___ RAW DATA ___

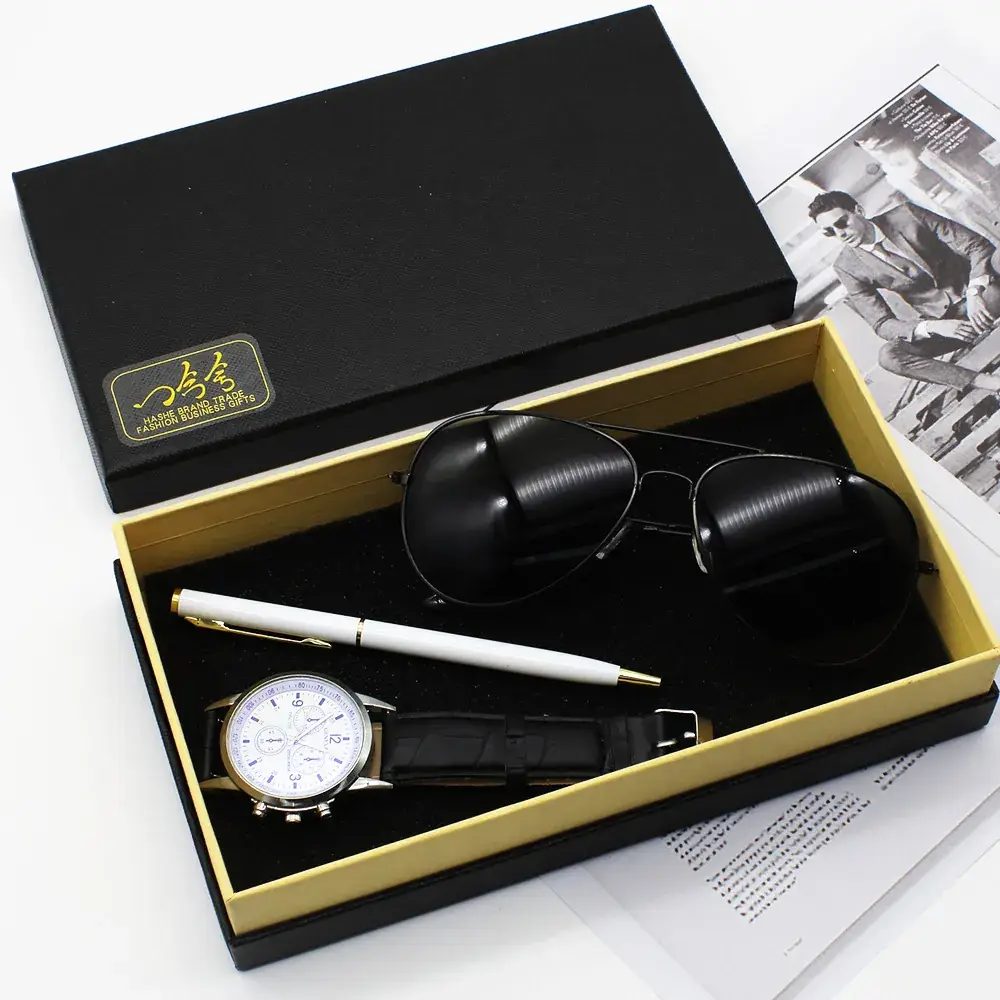 Men's Black Watch & Sunglasses Set with Pen - Image 3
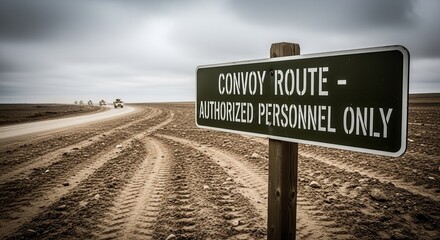 Convoy Route: Authorized Personnel Sign Directing a Military Convoy on a Desert Track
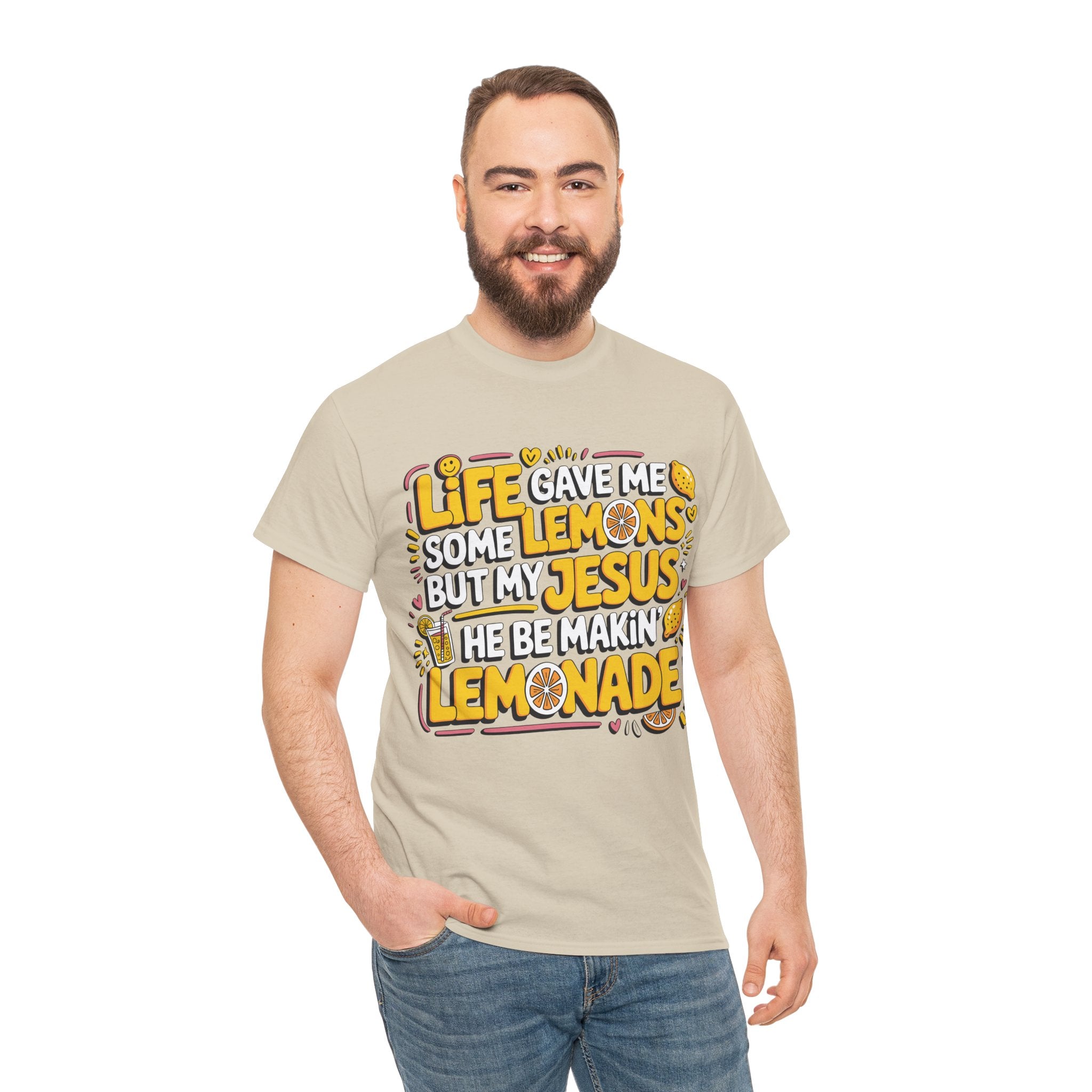 Christian Lemonade T-Shirt — “Life gave me some lemons but my Jesus he be makin’ lemonade”Unisex Cotton Tee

___

## EXERCISE BRIEF
Take the lines from the one holding "Convoy Route: Authorized" through the last line of the data above and copy them exactly, both ends included, omitting all pictures.

## RESULT OF THE TASK
 Convoy Route: Authorized Personnel Sign Directing a Military Convoy on a Desert Track
 Christian Lemonade T-Shirt — “Life gave me some lemons but my Jesus he be makin’ lemonade”Unisex Cotton Tee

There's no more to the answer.